--- Stored data ---

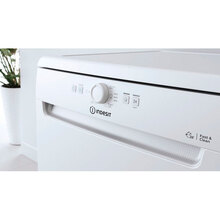 Посудомоечная машина INDESIT DFE 1B19 13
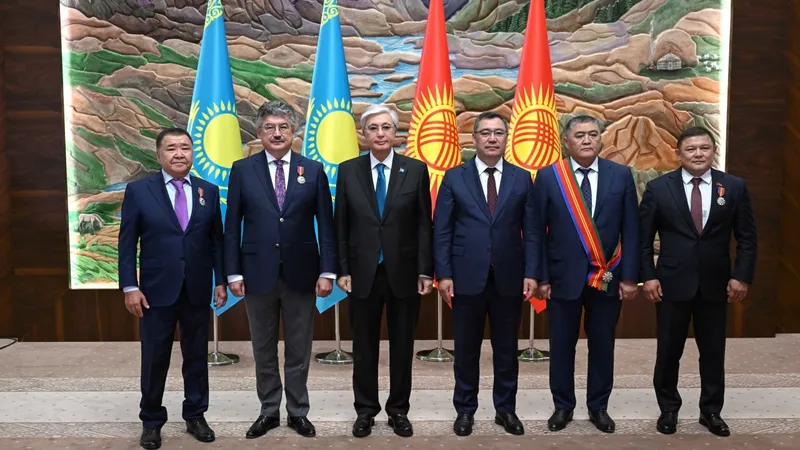 Тоқаев Қырғызстанның бірқатар мемлекет және қоғам қайраткерін марапаттады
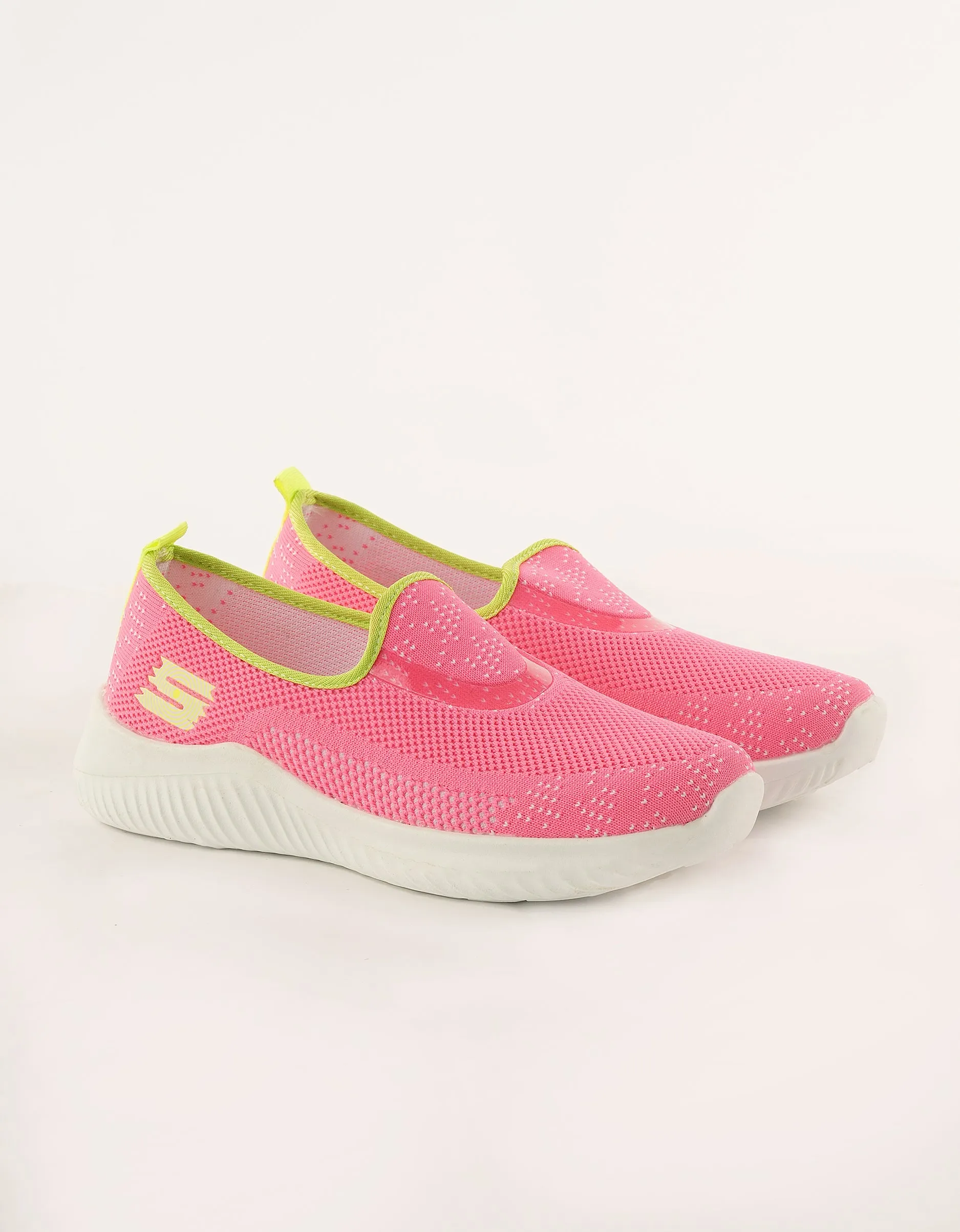Women Flamingo Flex Run Sneakers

--- What the exercise asks ---
Set the material down exactly, images excluded.

--- Solution for this problem ---
 Посудомоечная машина INDESIT DFE 1B19 13
 Тоқаев Қырғызстанның бірқатар мемлекет және қоғам қайраткерін марапаттады
Women Flamingo Flex Run Sneakers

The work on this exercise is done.